» The problem
Your answer must consist solely of the lines from the start of the entries below through the line with "暢印文藝國風(fēng)女士", unchanged.
────────
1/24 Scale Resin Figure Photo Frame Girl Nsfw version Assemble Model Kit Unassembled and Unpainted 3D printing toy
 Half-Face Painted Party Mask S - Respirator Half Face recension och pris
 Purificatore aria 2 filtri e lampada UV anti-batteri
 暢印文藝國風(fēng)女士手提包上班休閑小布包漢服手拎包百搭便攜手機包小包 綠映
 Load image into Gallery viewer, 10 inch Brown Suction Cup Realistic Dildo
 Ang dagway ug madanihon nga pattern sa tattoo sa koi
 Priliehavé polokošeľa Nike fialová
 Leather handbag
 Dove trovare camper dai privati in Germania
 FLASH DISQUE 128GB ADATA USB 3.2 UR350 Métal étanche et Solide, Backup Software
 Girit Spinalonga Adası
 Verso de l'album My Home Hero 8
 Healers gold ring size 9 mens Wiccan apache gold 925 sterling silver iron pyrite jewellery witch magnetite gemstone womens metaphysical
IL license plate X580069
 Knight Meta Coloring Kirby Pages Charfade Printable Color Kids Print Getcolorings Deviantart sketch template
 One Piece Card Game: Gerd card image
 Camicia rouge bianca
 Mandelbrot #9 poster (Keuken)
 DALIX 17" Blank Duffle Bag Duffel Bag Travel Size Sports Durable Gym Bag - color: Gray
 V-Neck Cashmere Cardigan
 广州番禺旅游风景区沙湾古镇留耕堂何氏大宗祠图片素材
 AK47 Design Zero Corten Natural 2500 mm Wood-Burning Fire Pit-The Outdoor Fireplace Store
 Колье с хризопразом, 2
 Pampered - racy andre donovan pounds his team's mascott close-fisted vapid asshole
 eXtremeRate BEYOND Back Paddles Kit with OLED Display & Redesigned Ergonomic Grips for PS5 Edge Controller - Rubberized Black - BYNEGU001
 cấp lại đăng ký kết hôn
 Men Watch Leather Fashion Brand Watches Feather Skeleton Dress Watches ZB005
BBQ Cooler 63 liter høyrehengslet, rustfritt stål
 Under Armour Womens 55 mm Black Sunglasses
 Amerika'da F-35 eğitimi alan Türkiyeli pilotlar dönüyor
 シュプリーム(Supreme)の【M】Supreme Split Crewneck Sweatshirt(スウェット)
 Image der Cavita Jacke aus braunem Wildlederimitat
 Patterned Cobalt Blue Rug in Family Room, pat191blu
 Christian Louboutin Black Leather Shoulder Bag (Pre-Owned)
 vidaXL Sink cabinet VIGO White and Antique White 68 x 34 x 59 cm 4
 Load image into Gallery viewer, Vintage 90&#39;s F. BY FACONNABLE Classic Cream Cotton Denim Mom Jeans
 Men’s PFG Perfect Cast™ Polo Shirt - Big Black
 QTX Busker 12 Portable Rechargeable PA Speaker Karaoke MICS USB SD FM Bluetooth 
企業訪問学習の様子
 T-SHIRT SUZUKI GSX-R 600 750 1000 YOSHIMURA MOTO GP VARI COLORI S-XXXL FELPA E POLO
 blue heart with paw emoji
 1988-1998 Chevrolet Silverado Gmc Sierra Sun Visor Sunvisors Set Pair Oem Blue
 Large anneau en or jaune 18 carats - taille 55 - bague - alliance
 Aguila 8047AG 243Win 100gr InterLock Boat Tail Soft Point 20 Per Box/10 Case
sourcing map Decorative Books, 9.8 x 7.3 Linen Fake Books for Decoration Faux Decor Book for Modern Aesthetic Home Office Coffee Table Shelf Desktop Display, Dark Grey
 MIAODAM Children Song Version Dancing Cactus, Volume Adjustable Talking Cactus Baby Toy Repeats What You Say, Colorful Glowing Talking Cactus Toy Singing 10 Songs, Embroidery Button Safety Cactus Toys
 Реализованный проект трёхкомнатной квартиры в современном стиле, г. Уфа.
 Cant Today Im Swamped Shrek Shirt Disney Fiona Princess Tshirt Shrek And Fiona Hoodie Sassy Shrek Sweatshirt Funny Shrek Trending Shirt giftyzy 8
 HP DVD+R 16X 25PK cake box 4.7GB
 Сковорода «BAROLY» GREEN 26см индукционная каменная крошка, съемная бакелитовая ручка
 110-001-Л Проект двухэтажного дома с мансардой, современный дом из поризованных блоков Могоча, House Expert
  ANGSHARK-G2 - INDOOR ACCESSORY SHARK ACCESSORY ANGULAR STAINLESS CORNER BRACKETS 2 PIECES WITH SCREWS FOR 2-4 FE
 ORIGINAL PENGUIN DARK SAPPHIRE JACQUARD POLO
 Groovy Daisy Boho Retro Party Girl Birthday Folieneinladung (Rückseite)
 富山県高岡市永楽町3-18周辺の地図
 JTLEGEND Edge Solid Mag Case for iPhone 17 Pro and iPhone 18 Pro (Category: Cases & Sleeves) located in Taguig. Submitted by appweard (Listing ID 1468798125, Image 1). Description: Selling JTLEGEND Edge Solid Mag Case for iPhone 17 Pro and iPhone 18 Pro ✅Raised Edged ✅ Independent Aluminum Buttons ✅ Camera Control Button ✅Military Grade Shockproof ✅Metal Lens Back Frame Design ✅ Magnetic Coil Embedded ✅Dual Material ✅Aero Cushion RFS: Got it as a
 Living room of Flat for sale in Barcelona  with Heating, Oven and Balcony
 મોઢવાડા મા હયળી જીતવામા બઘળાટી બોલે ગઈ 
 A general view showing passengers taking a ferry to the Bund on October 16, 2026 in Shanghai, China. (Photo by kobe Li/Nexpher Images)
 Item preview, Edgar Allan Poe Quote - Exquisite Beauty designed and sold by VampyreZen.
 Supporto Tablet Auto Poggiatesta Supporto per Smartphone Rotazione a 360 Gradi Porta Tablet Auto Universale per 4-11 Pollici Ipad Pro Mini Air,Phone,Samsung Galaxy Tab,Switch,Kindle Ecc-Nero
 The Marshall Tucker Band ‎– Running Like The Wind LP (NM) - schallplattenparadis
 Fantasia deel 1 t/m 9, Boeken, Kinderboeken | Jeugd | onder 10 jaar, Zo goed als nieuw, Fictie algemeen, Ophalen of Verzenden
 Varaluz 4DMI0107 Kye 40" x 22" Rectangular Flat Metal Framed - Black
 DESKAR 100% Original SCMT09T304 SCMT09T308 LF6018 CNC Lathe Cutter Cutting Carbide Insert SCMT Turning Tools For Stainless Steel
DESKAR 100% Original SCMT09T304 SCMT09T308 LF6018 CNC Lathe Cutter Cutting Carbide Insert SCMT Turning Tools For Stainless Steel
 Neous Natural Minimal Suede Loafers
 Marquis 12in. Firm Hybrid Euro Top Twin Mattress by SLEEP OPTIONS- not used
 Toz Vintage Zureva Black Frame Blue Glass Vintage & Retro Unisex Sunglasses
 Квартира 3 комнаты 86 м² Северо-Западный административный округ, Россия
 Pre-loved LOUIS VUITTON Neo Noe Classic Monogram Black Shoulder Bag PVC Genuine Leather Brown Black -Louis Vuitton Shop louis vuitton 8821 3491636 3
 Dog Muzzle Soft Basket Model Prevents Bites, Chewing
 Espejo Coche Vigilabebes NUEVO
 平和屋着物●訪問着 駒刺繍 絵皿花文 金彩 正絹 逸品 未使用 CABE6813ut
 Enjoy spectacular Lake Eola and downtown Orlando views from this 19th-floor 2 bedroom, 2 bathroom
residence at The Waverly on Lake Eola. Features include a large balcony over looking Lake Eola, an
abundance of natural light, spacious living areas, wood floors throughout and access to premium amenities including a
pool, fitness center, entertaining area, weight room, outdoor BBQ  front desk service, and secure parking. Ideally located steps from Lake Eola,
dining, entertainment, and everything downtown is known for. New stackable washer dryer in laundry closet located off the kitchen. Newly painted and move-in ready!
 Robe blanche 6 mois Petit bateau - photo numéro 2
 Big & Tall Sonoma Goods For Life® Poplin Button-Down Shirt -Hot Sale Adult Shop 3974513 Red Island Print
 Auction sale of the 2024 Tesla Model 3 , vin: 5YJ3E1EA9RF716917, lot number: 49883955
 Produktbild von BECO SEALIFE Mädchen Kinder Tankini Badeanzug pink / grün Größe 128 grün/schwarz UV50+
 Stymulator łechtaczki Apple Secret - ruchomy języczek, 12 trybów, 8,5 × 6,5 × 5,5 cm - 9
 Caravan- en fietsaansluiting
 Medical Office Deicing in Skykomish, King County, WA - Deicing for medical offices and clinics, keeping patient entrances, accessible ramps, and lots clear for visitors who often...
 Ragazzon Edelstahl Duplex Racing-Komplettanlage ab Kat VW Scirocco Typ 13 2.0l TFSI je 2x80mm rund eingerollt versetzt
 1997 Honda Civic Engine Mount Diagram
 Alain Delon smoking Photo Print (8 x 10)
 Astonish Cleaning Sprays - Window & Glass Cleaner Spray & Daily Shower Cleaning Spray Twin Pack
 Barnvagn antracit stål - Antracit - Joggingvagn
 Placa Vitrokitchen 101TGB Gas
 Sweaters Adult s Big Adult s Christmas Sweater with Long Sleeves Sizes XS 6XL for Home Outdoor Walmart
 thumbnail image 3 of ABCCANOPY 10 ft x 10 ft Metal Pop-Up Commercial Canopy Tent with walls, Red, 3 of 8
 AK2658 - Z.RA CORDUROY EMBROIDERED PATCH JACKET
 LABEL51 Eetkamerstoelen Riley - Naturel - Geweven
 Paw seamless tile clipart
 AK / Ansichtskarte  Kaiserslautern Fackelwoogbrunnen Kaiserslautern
────────
» Response area
1/24 Scale Resin Figure Photo Frame Girl Nsfw version Assemble Model Kit Unassembled and Unpainted 3D printing toy
 Half-Face Painted Party Mask S - Respirator Half Face recension och pris
 Purificatore aria 2 filtri e lampada UV anti-batteri
 暢印文藝國風(fēng)女士手提包上班休閑小布包漢服手拎包百搭便攜手機包小包 綠映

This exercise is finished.